Intra-family loans are loans between related parties. These loans can use the applicable federal rate, or AFR, in accordance with Section 1274(d) of the Internal Revenue Code. The AFR is different for different maturities: short-term (three years or less), mid-term (more than three and up to nine years) and long-term (more than nine years).1

The actual rates are updated monthly and can be found on the IRS website. There you’ll see that the October 2018 monthly AFR for a long-term loan of ten years or more, is 2.95%. Compare this to the current national average mortgage rate of 4.89% for a 30-year fixed rate loan.2

Once the loan is in place with today’s AFR, it is locked in for the term of the loan—which could result in thousands of dollars in savings for the child.

Loan Structure

The IRS presumes that a transfer of money to a family member is a gift, unless you as the transferor can prove you received full and adequate consideration.3 You will need to demonstrate that a creditor-debtor relationship was in place at the time of the loan.

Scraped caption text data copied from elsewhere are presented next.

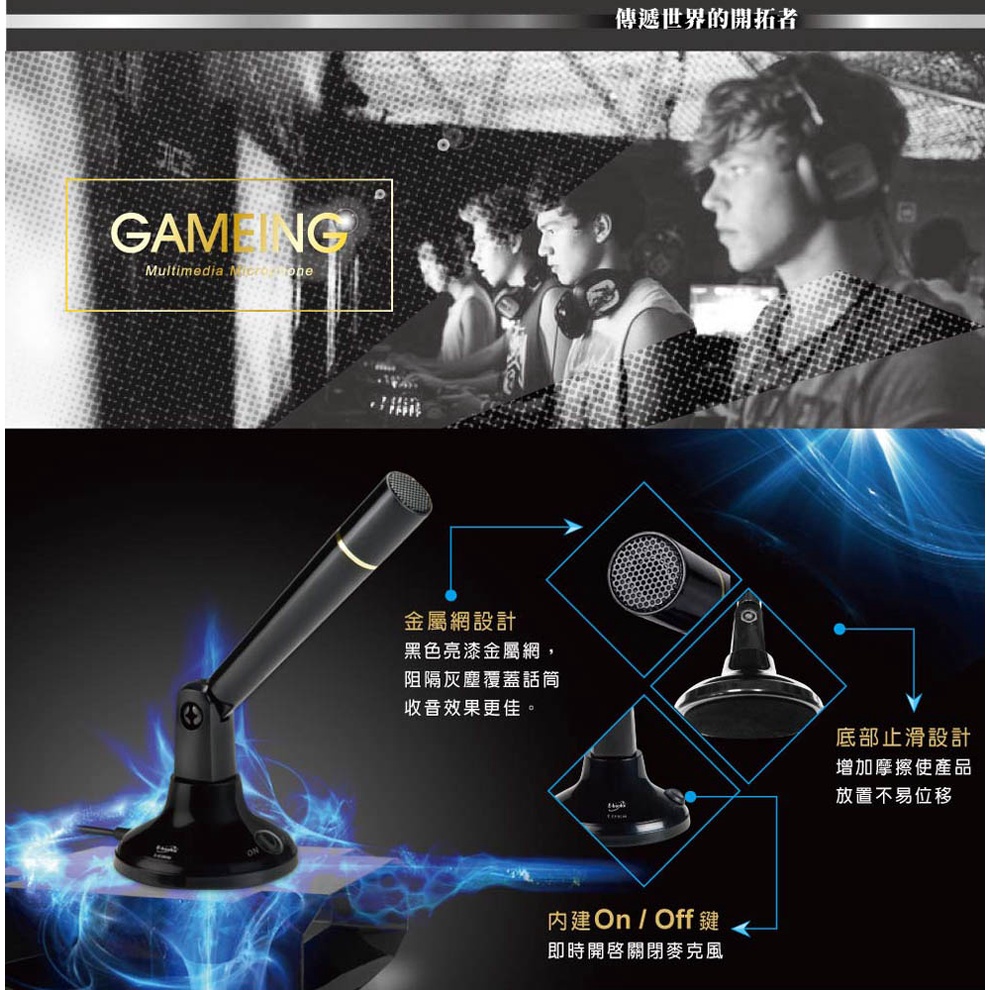 E-BOOKS S32 電競多媒體麥克風 金屬網 可開關設計 120度可調 止滑底座穩固防滑, , large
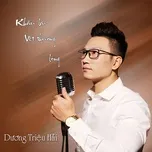 Khâu Lại Vết Thương Lòng (Single) - Dương Triệu Hải | Lời Bài Hát Mới - Nhạc Hay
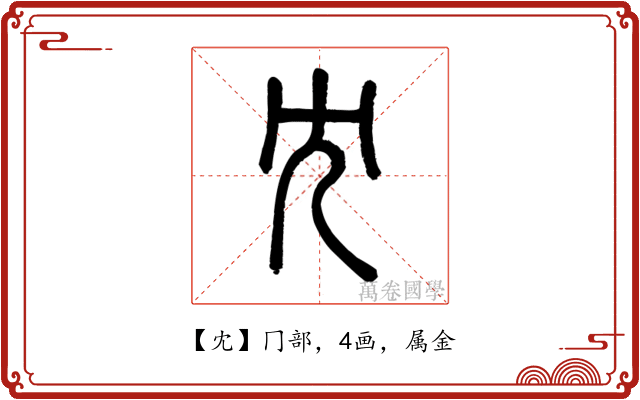 冘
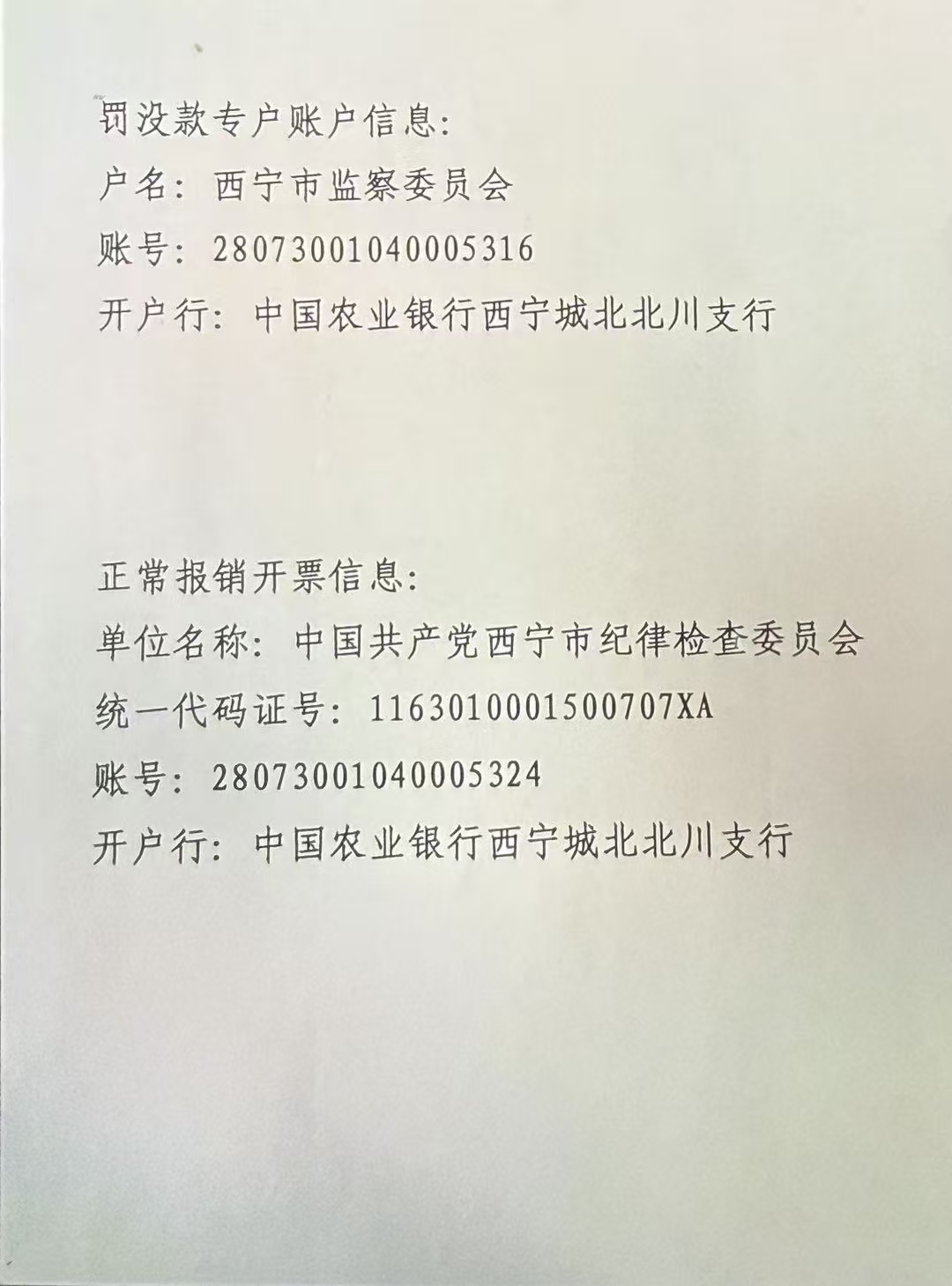 西宁39.jpg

The following items can help make an intra-family loan official and keep it from being treated as a taxable gift: 4

  • A signed promissory note
  • A fixed repayment schedule
  • A fixed interest rate at least equal to the AFR for the month in which the loan is made
  • Requested collateral from the borrower
  • Repayment is demanded
  • Records kept of payments made:
    • Family lenders should have a form 1099 prepared to show the interest income they received.
    • For mortgage interest, family lenders should issue a form 1098 to the child to show the amount of interest paid. The child can use this to deduct the mortgage interest if they itemize.
  • Borrower solvency
  • No plan to forgive the loan

The Family Bank

If the senior family members have the financial ability to provide a loan to a child, should they do it? Some of the advantages to the family are as follows:

  • A family lender may earn a greater rate of interest on her cash through the loan than from the bank.
  • The money stays within the family rather than paying an outside bank.
  • A family lender can help a child without giving him or her money, preserving the child’s self-sufficiency and ability to learn to manage debt.
  • The child’s credit rating may not allow him or her to obtain a loan from a retail lender. An intra-family loan does not get reported to credit bureaus.
  • The child may save on closing costs with an intra-family loan as compared with a retail lender.
  • There is no longer a tax deduction for home equity loan interest if it is used for purchases other than home improvements. This makes low-interest intra-family loans for a car or a boat a financially beneficial option for the child borrower.
  • If the child defaults on a bona-fide, documented loan, you can take a deduction for non-business bad debt if you can prove that you tried to collect the debt. The debtor should make a written statement indicating inability to pay and the reason.5

Some disadvantages and cautions with intra-family loans include:

  • The interest income is taxable to the family lender.
  • Administrative burden—the loan must be properly documented, reported on income taxes and administered to keep it from being treated as a taxable gift.
  • If the family lender really doesn’t want to be repaid and doesn’t plan to collect on the loan, a taxable gift to the child may make more sense and would alleviate the administrative burden at the outset, during the loan, and at the point when the loan is forgiven.
  • If the child’s financial needs can be satisfied through annual exclusion gifts, which are free of gift tax, the senior family member should consider making such gifts rather than setting up the cumbersome intra-family loan apparatus.
  • Loans to children for consumption purchases like a car or a boat may be inefficient for the family wealth. The interest is not tax deductible to the child and is taxable to the parent-lender, thus generating taxable income for the family at a presumably high tax rate.6
  • The child could run into financial or personal issues where they are unable or unwilling to pay the loan back. This could cause family discord and may result in the loan becoming a taxable gift.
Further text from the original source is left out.